Feb 23, 2026 10:28 AM ET
  • HL220 supercharges inverted perovskite cells: smoother interfaces, faster electrons, 26.44% PCE, 85.2% FF, 22.93% on 15 cm²—94.1% retained after 450 hours. Alcohol-processable, silver-synergistic, scale-ready.
HL220 Interlayer Lifts Inverted Perovskites Above 26%

Researchers at Shenzhen University and Ocean University of China unveiled HL220, a small-molecule cathode interfacial layer for inverted (p–i–n) perovskite solar cells that tackles energy-level mismatch, defect formation and electrode degradation. The D–A–D–A–D fused-ring molecule shows strong conjugation with dual absorption at ~544/580 nm, is alcohol-processable, and forms smooth, cohesive films on PCBM, reducing roughness and improving wettability.

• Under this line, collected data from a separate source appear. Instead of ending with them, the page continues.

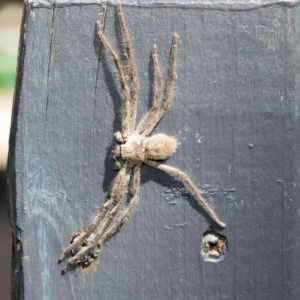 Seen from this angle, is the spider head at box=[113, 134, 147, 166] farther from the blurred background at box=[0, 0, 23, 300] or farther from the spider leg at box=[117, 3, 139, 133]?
the blurred background at box=[0, 0, 23, 300]

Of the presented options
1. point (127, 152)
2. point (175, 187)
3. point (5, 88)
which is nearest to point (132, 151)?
point (127, 152)

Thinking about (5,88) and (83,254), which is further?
(5,88)

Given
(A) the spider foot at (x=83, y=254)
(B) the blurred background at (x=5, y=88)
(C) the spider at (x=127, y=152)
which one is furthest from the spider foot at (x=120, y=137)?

Analyses indicate suppressed interfacial recombination and lower series resistance.

HL220 chemically interacts with silver to lower its work function, cutting the PCBM/Ag electron-extraction barrier and boosting charge transfer. Devices reached 26.44% PCE with 85.2% FF; a 15 cm² module delivered 22.93%. Unencapsulated cells retained 94.1% after 450 hours of illumination, signaling durability and scalability.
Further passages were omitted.